Pavement parking management research report

Publisher:Department for Transport
Publication type:Instructional
Published date: 10 October 2006
Mode/topic:Roads, Local authorities, Parking

Summary

This report presents case studies of British local authorities outside London who have dealt with pavement parking in a variety of ways. These measures include the use of public awareness campaigns, physical measures and pavement parking ban zones. Clearly pavement parking forms one element of parking management and in some of the case studies featured, measures for dealing with pavement parking are encompassed within a wider Transport Plan. In other cases, the problems caused by pavement parking have been dealt with in isolation.
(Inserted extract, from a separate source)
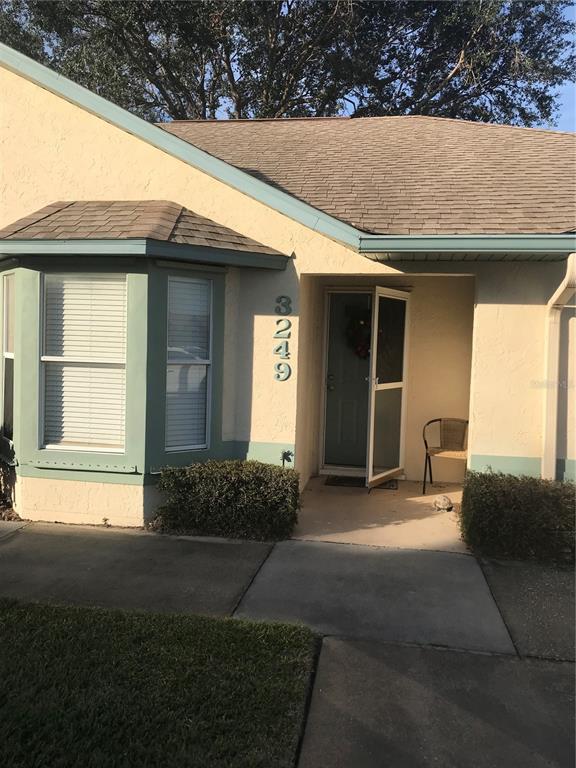 3249 Villa Way Circle St. Cloud, FL 34769 - Photo 1 of 1 a front view of a house with a yard and garage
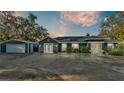 House exterior with detached garage at 1769 S Lake Reedy Blvd, Frostproof, FL 33843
Currently there is no nationwide ban on pavement parking due to the wide range of circumstances and locations where pavement parking occurs. Therefore local authorities outside London may only regulate pavement parking through the implementation of specific Traffic Regulation Orders. In London, pavement parking is banned under the Greater London Council (General Powers) Act 1974. The police are able to regulate pavement parking, but only when a vehicle is deemed to be causing an obstruction.

In some locations, the implementation of waiting restrictions and the subsequent enforcement of these restrictions can deter pavement parking, although the use of waiting restrictions has not been highlighted in the case studies.

Note: For the purpose of this report, the term “pavement” is used to describe all areas that might be referred to as either the “pavement”, “verge”, “footpath” or “footway”.

Note: The case studies included within this report are examples of the measures taken by local authorities to deal with pavement parking, and the Department for Transport does not endorse these case studies as necessarily being of good practice on the basis of their inclusion within this report.